« The Turkish president’s response shows how out of touch he is with the scale of the event. » Sinan Ciddi’s analysis in The Dispatch on February 21, 2023.
Two weeks have passed since the deadliest series of earthquakes in Turkish history destroyed 10 provinces in the country’s southeast. The death toll could surpass 100,000, and many survivors have lost not just their homes but their livelihoods. Yet President Recep Tayyip Erdoğan has appeared more concerned about the disaster’s political fallout than aiding its victims.
His politics-first approach ahead of national elections in May has backfired. Now voters are demanding accountability for haphazard rescue and relief operations—as well as the corruption that gave rise to substandard buildings that collapsed in seconds.
Erdoğan’s reelection chances were already uncertain amid a floundering economy. Before the earthquakes hit, he had launched an economic plan to win over skeptical voters: He increased minimum wage and pensions and loosened monetary supply, flooding money markets with low interest loans for businesses and individuals. On the foreign policy side, he demonized Turkey’s Western partners and accused them, among other things, of being behind a violent 2016 coup attempt. Such tactics gained traction, and Erdoğan’s poll numbers ticked up in the last quarter of 2022. Erdoğan was also buoyed by a visibly incompetent political opposition consisting of six parties under the umbrella of the “Nation Alliance,” which has no clear message and has not been able to nominate a candidate to stand against Erdoğan. The impact of the quakes have likely nullified the utility of this playbook. Now, estimates suggest that post-quake reconstruction could cost $84 billion and the loss of economic activity could shave 2 percentage points off Turkey’s projected gross domestic product growth in 2023. This hampers the government’s ability to curb inflation.
His struggle to hold onto power is now more difficult. The quakes prompted widespread public anger with Erdoğan and his Justice and Development Party (AKP): Why were the rescue and relief efforts so slow and so badly coordinated? Why did the government hesitate to deploy the military? Why were building and occupancy permits given out by local officials for substandard dwellings that collapsed easily? What happened to the funds collected under the so-called “earthquake tax” imposed after the 1999 earthquake to prepare for future disasters?
Erdoğan has no good answers to these questions, which likely explains his absence from public view in the first 48 hours after the quakes struck. In his first public remarks, he threatened legal action against those who criticized the government. Authorities also arrested more than 100 building contractors allegedly responsible for shoddy construction, but this is unlikely to satisfy public demands for accountability. Why not arrest the officials—in many cases affiliated with the AKP—who issued the building permits? Instead, the day after the disaster, Erdoğan blocked access to Twitter, where criticism of the government was proliferating. Rescue workers quickly condemned that decision, because victims trapped under the rubble were using social media to communicate their locations to rescue teams.
As citizens watch their government respond to the country’s biggest natural disaster on record, they are convinced of one thing: Their president is uniquely focused on limiting his and the AKP’s political exposure and responsibility for the disaster. Demolition crews have been dispatched to destroy public records office buildings that housed building permits, along with the names and records of contractors and the public officials who approved such projects. In other words, it is the beginning of a coverup. Various aid workers also told press outlets they were pushed out of the way just as victims were being brought out of collapsed buildings, then replaced by government-affiliated aid workers who wanted to take the credit for the rescue in front of television cameras.

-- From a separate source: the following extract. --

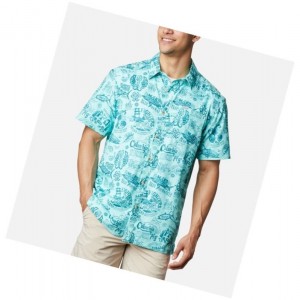 Columbia PFG Super Slack Tide Camp Gömlek Erkek Mavi | 47093-VZNY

Erdoğan and AKP officials are beginning to understand that their pre-earthquake strategy to woo voters is now useless, while their earthquake response has caused widespread public anger. That’s why the AKP is considering postponing the election (even though it’s not legally possible). Article 78 of the Turkish constitution does not permit delaying elections unless the country is in a state of war. To attempt this would be tantamount to a civil coup.
On the other hand, delaying the election may not save Erdoğan. If the economy contracts after the quake, economic conditions may be worse, leading voters to call for Erdoğan’s ouster more vociferously. Moreover, Erdoğan’s anti-Western rhetoric may not be as persuasive now that Turkey has seen rescue teams from dozens of nations working around the clock to save the lives of earthquake victims. Teams have arrived from the United States, Israel, Greece, Spain, and Sweden. Even Cyprus, whose relationship with Turkey has been hostile for decades, offered to send a team. Against this backdrop, Erdoğan likely knows he has to rethink his weaponization of foreign policy.
That adjustment will be hard for a man who thrives on polarization. What kind of campaign can he run that does not demonize the West? On the other hand, how can he look people in the eye after being in power for more than 20 years and say that he and his party are not responsible for the loose building regulations that engulf Turkey and that he and the AKP can rebuild Turkish cities in a safe and timely manner? This is a perfect political storm for Erdoğan, one he was not prepared for. Perhaps his best hope is that the opposition will be equally uncertain of how to campaign in this brand-new environment.
The Dispatch, February 21, 2023, by Sinan Ciddi.